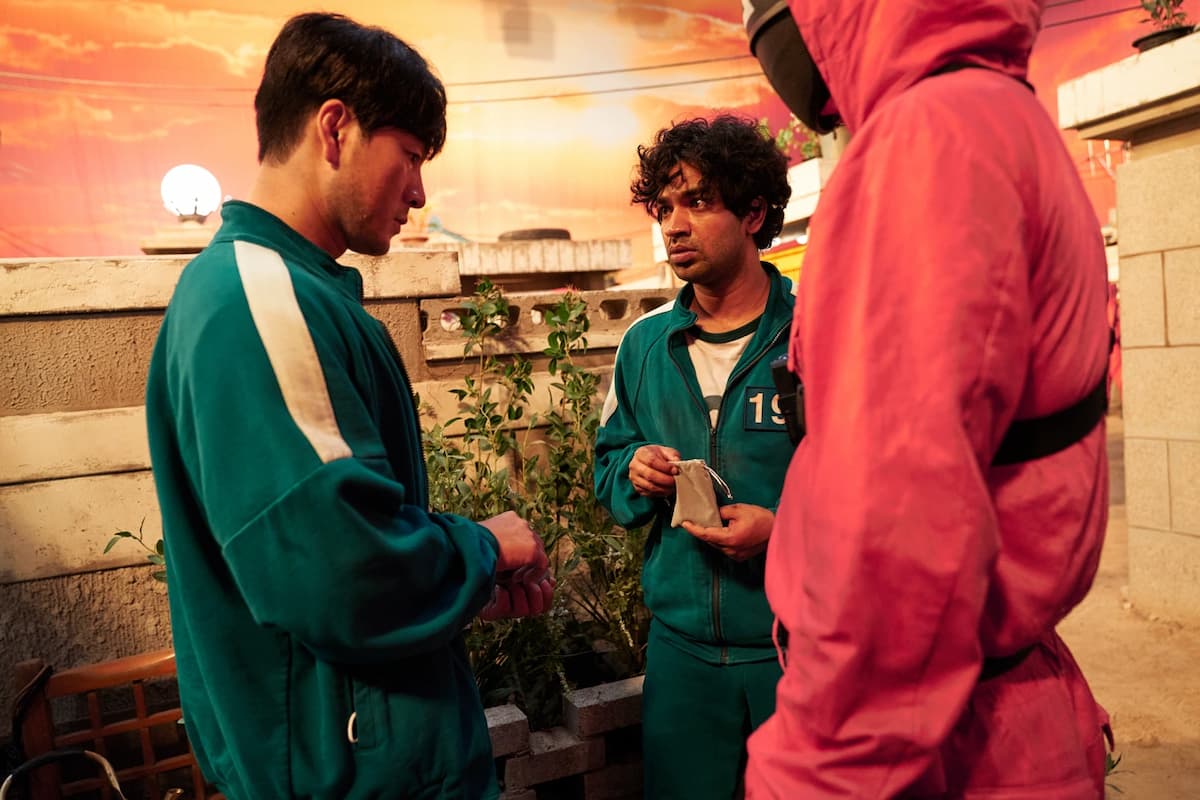 Two men in green jumpsuits standing next to a masked man in a pink suit.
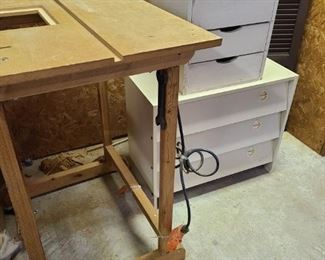 https://ctbids.com/#!/description/share/697746 Saw table measures 31" x 24" x 37". Small three drawer compartment measures 15" x 15" x 15" drawers measure 12" x 4". Three door shelf compartment has half shelves that don't go all the way to the back. Measures 27" x 14" x 23". Comes with six shutters made of plastic.

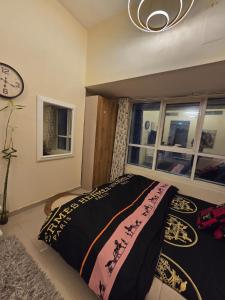 a bedroom with a bed and a clock on the wall at Apartment in ajman in Ajman 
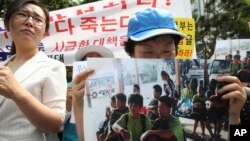 Người biểu tình tại Seoul cầm hình ảnh 9 thanh niên Bắc Triều Tiên bị trả về nước.
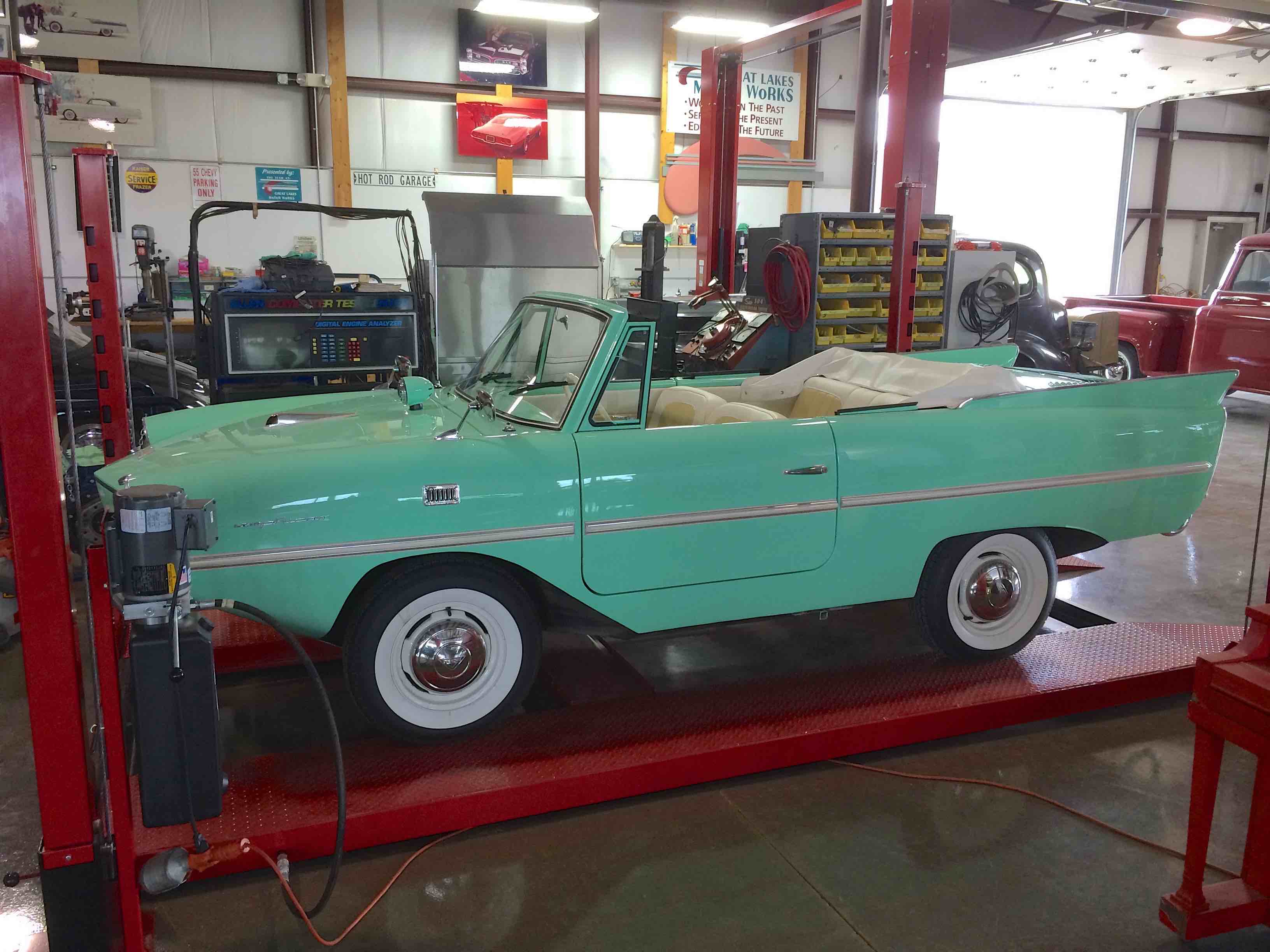 Vintage teal convertible up on a shop lift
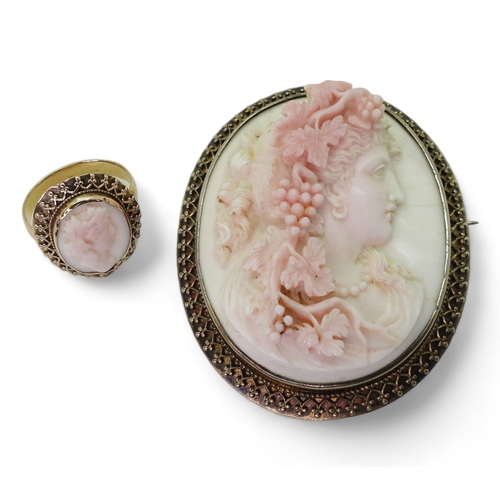 2749 - CONCH SHELL CAMEOSthe well carved cameo of a follower of Bacchus is mounted in a decorative gilded w... 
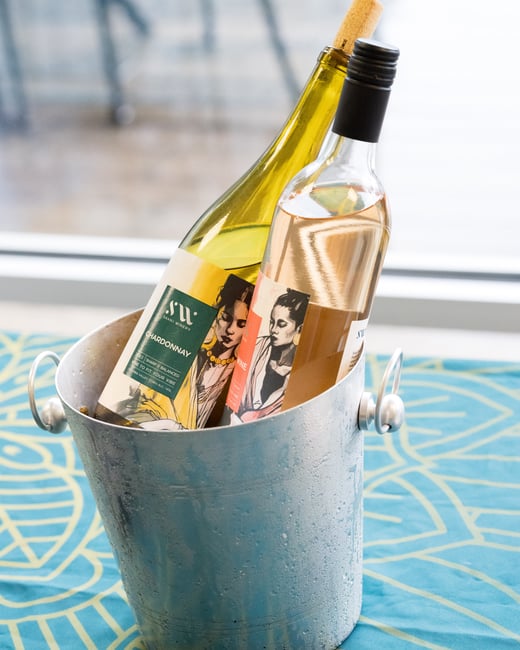 Two bottles of wine, a Chardonnay and a rosé, are chilling in a silver ice bucket on a blue patterned tablecloth.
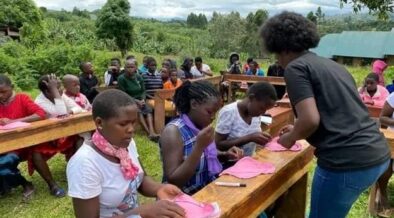 Adolescent girls sit at wooden desks with menstrual pad materials.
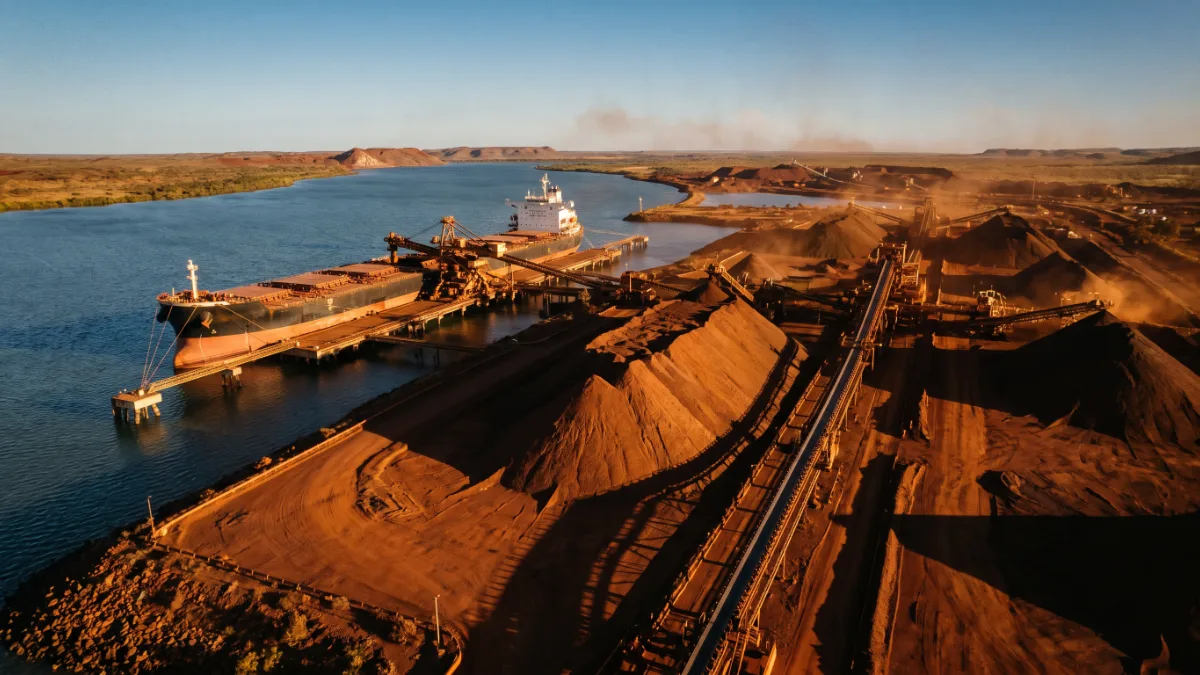 A bulk carrier ship berthed beside red iron ore stockpiles and loading conveyors at a remote Pilbara port at golden hour.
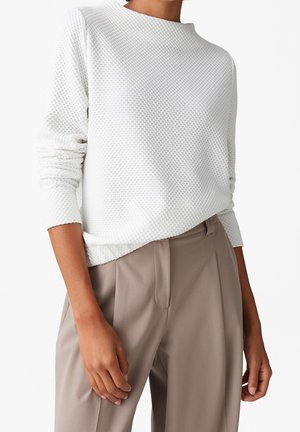 Personne portant un haut blanc texturé à manches longues et un pantalon beige ample, debout avec une main détendue le long du corps, sur fond uni.
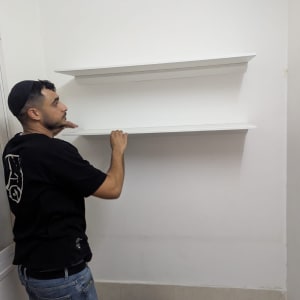 אדם מתקין מדפים לבנים על קיר לבן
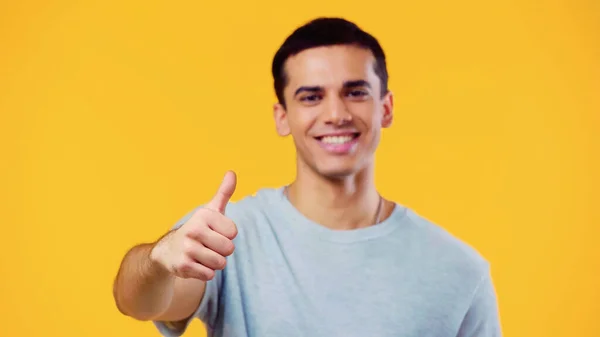 Sonriente y borroso hombre mirando a la cámara mientras muestra el pulgar hacia arriba aislado en amarillo - foto de stock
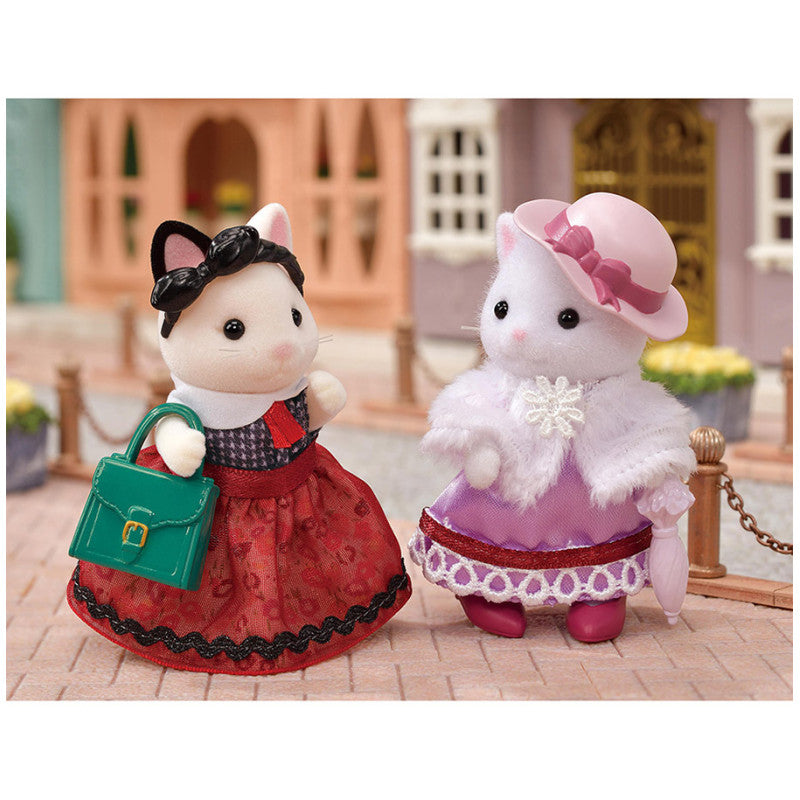La valisette de mode et la grande sœur Chat Bicolore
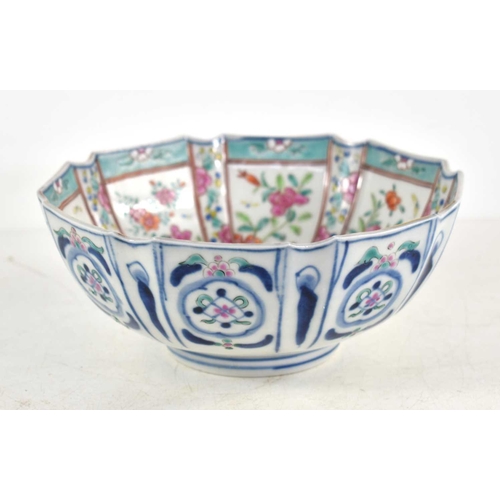 191 - An Oriental bowl decorated with panels of flowers, cut rim with flower basket cartouche, 17.5cm wide... 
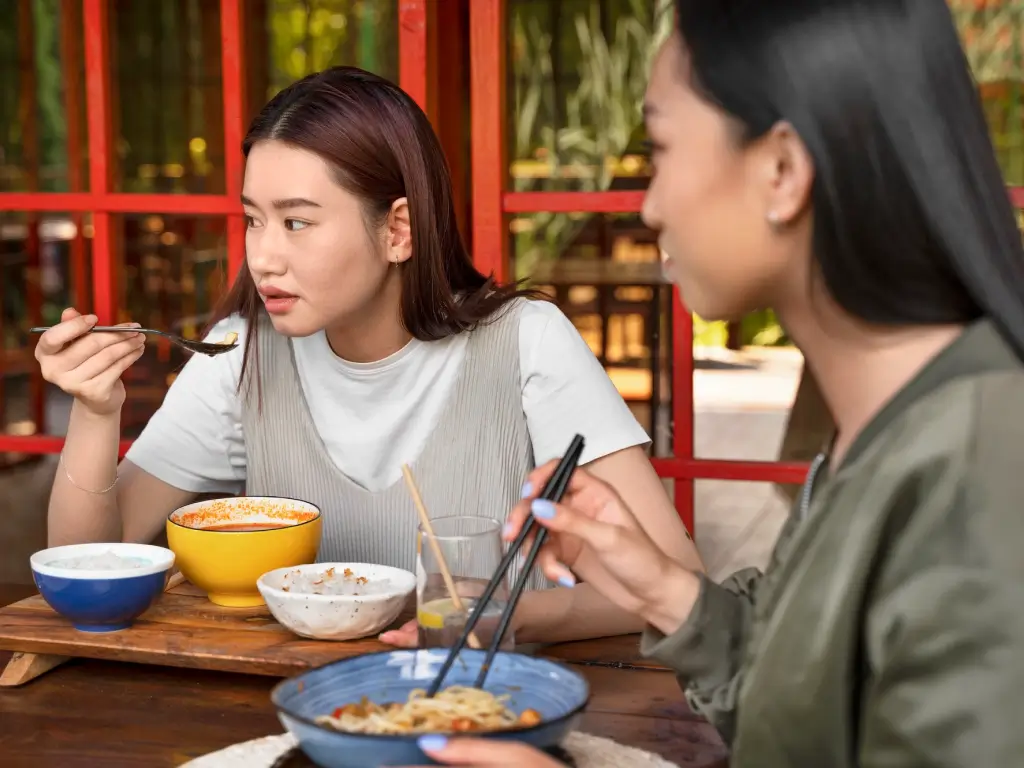 two women eating Singapore noodles 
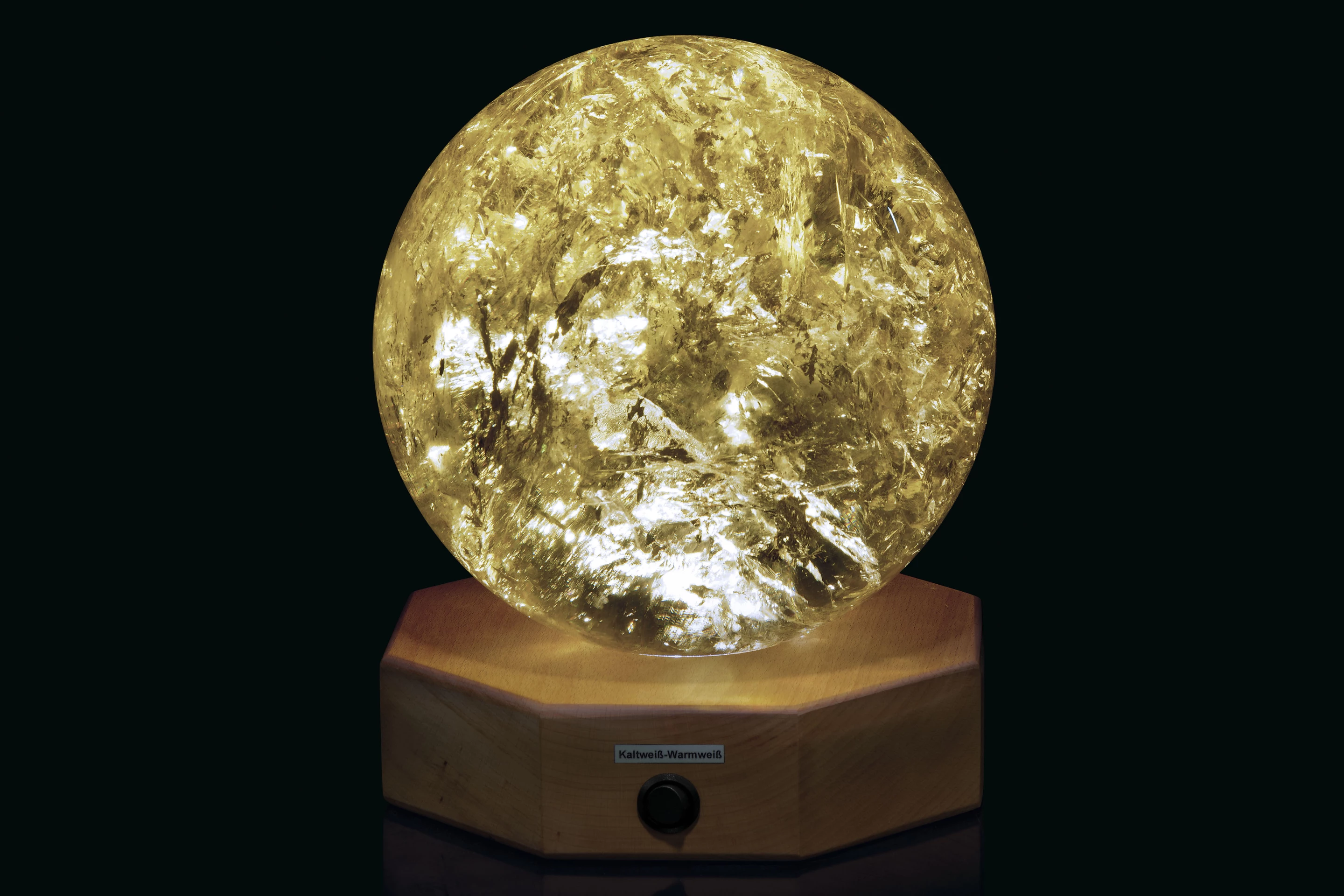 This 81⁄2 inch (21.5 cm) diameter spherical Citrine sample from Brazil has been polished to reveal areas of rainbow iridescence. The specimen is mounted on a wood base with lighting for the specimen from below.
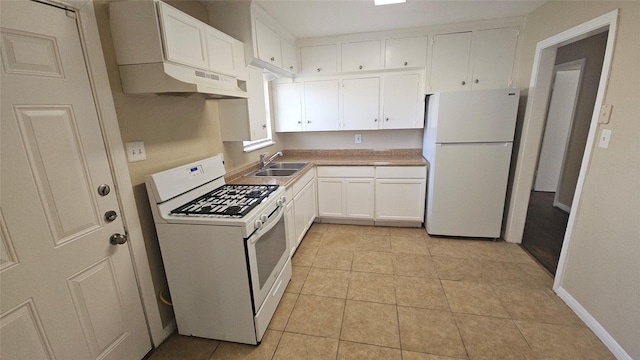 kitchen with under cabinet range hood, light tile patterned floors, white cabinets, white appliances, and a sink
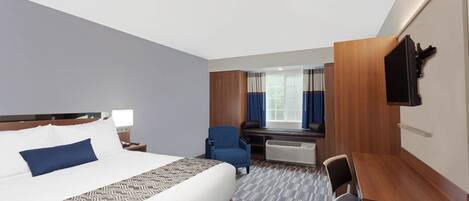 A hotel room with a large bed, a desk, a chair, a TV mounted on the wall, and a window with curtains.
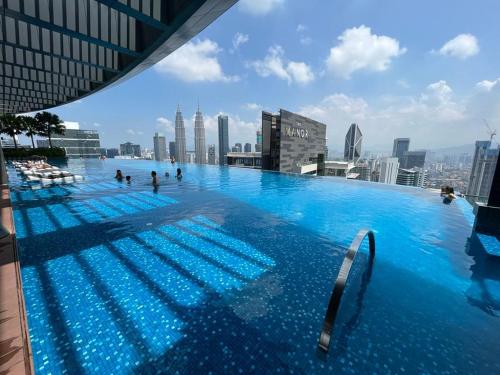 a large swimming pool on the roof of a building at Eaton Residences KLCC in Kuala Lumpur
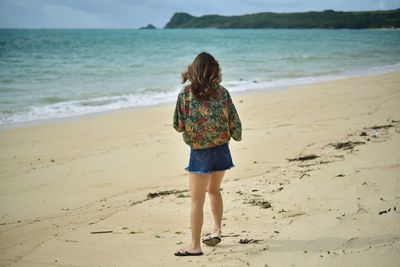 Rear view of woman standing on beach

☆ ☆ ☆ ☆ ☆

- Work required:
Repeat exactly the lines above, beginning at the one containing "La valisette de" and ending at the one containing "This 81⁄2 inch". Do not carry over any pictures.

- Solution below:
La valisette de mode et la grande sœur Chat Bicolore
 191 - An Oriental bowl decorated with panels of flowers, cut rim with flower basket cartouche, 17.5cm wide... 
 two women eating Singapore noodles 
 This 81⁄2 inch (21.5 cm) diameter spherical Citrine sample from Brazil has been polished to reveal areas of rainbow iridescence. The specimen is mounted on a wood base with lighting for the specimen from below.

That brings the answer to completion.